§ EXTRACTED MATERIAL:
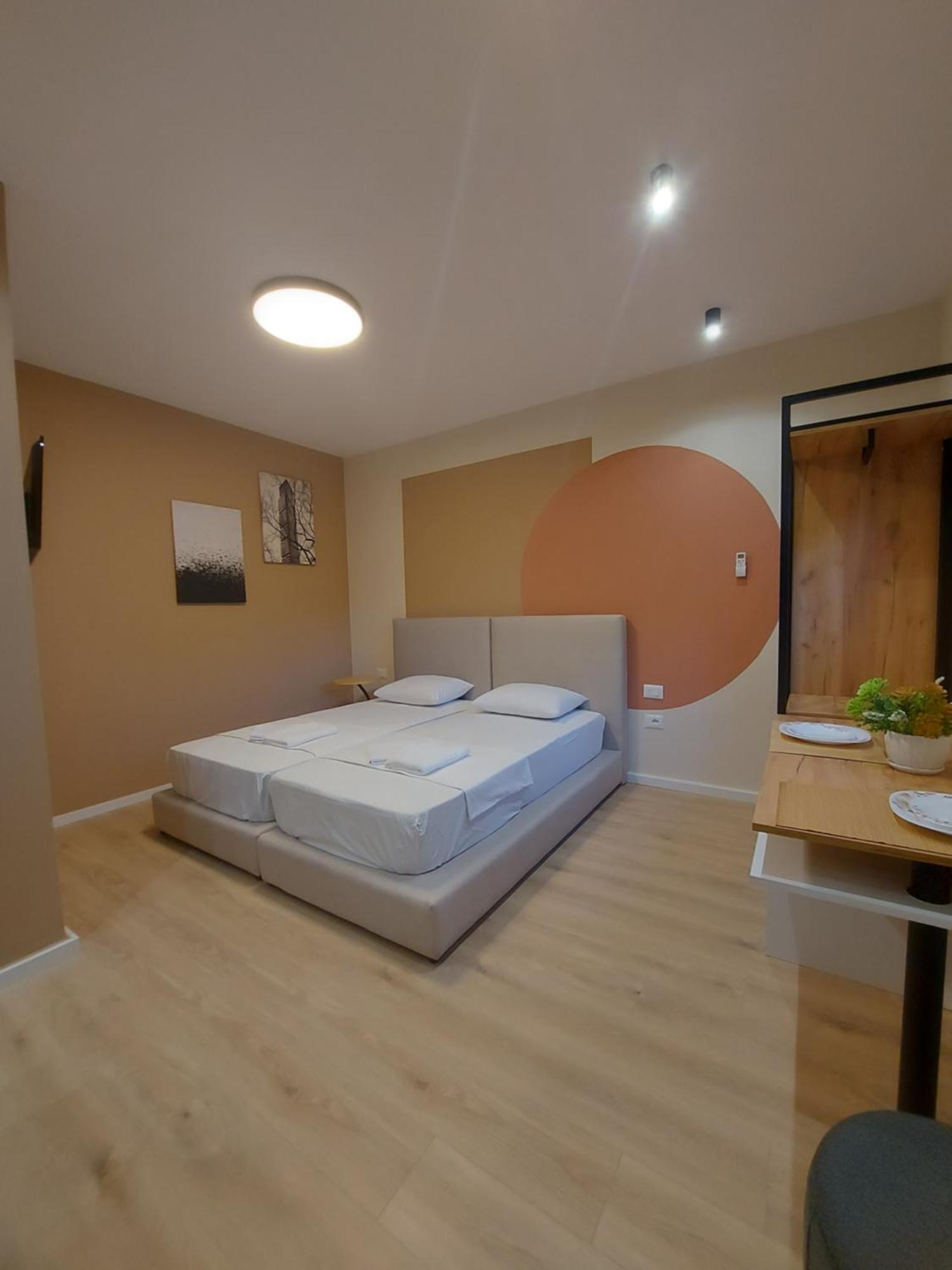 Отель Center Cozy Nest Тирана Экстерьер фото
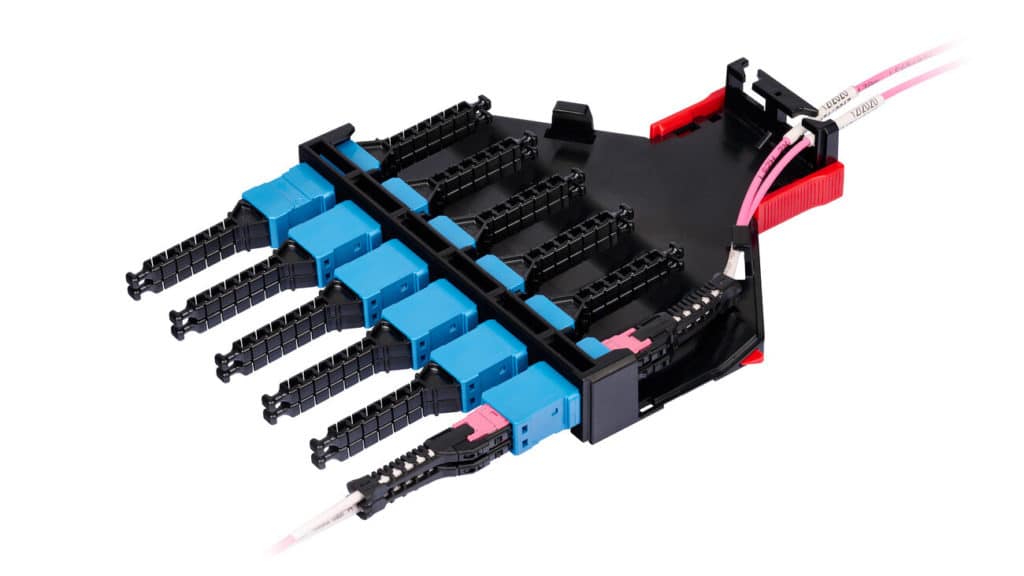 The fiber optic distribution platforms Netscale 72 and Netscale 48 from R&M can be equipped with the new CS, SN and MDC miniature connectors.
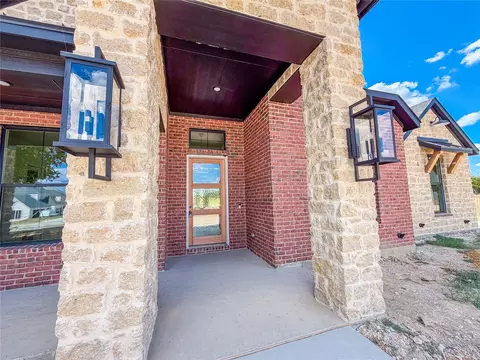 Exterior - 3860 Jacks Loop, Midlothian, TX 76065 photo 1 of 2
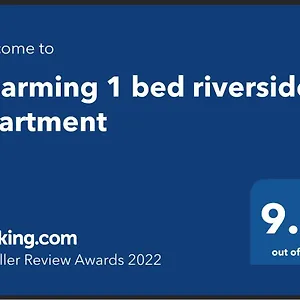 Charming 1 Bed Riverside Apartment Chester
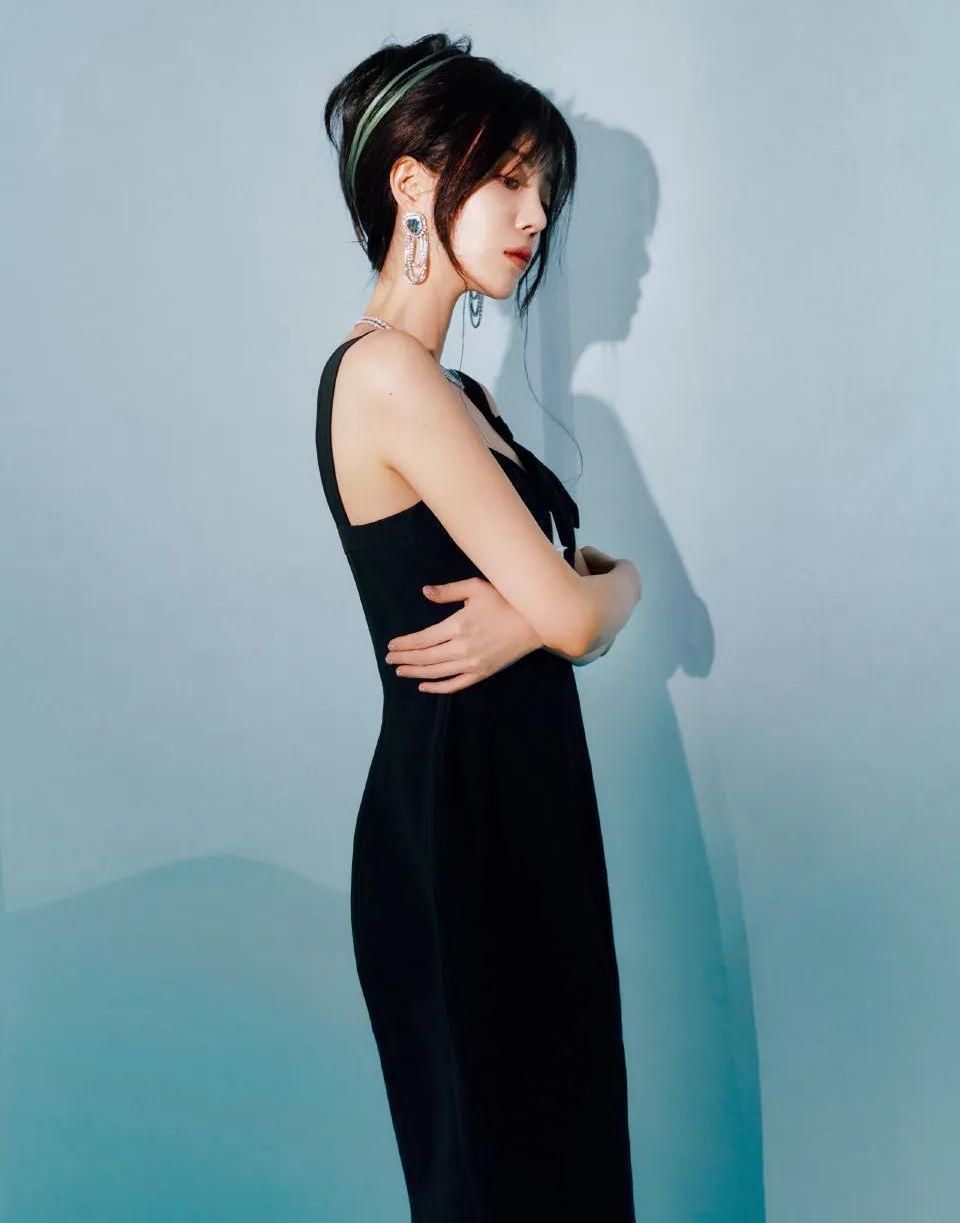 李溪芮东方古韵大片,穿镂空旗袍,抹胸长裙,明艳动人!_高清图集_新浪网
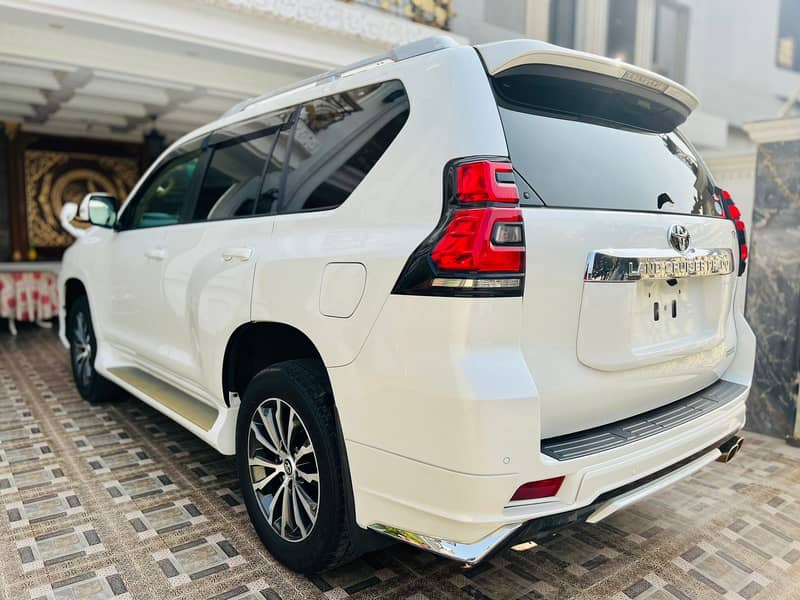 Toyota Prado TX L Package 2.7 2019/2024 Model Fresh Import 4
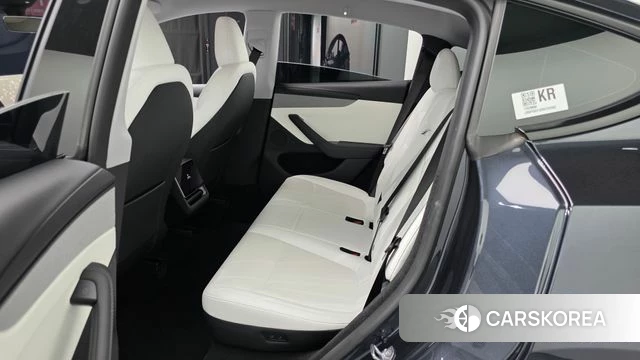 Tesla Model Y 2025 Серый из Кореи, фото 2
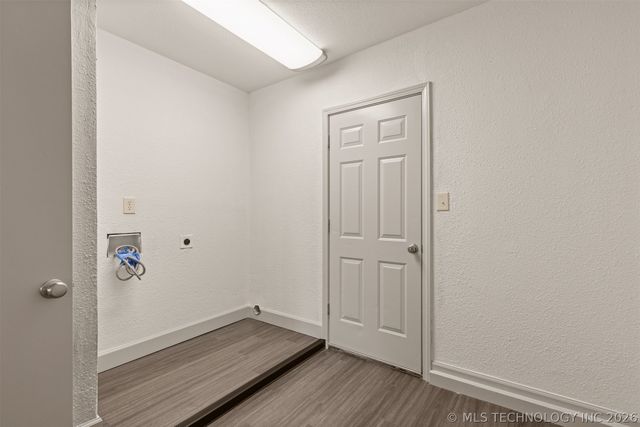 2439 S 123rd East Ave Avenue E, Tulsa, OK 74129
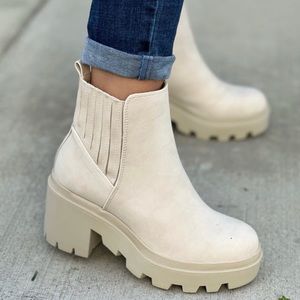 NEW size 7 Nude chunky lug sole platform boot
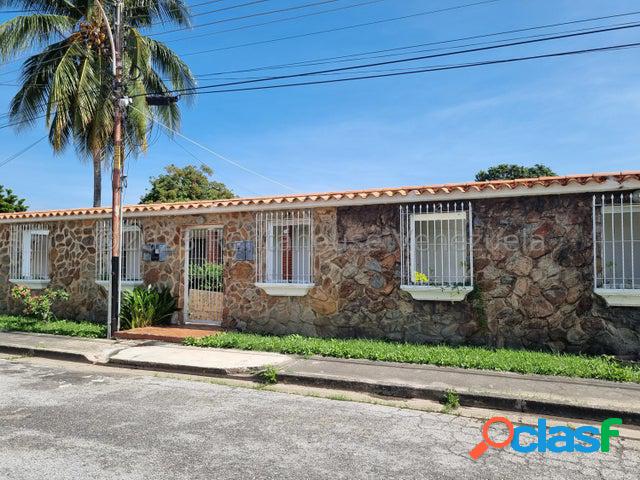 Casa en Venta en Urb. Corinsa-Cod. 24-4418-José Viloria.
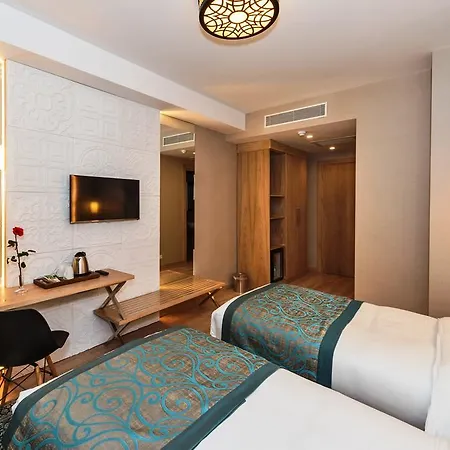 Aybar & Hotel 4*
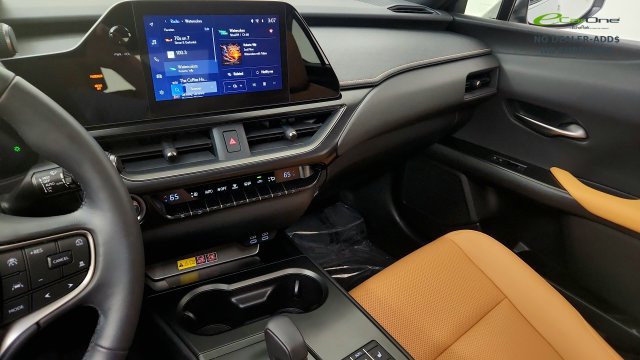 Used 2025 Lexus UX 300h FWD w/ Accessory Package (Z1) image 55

§ WHAT IS NEEDED: Repeat only what runs from the first line of the records above to the line with "Toyota Prado TX", both included, word for word, minus the pictures.

§ ANSWER TO THE EXERCISE:
 Отель Center Cozy Nest Тирана Экстерьер фото
 The fiber optic distribution platforms Netscale 72 and Netscale 48 from R&M can be equipped with the new CS, SN and MDC miniature connectors.
 Exterior - 3860 Jacks Loop, Midlothian, TX 76065 photo 1 of 2
 Charming 1 Bed Riverside Apartment Chester
 李溪芮东方古韵大片,穿镂空旗袍,抹胸长裙,明艳动人!_高清图集_新浪网
 Toyota Prado TX L Package 2.7 2019/2024 Model Fresh Import 4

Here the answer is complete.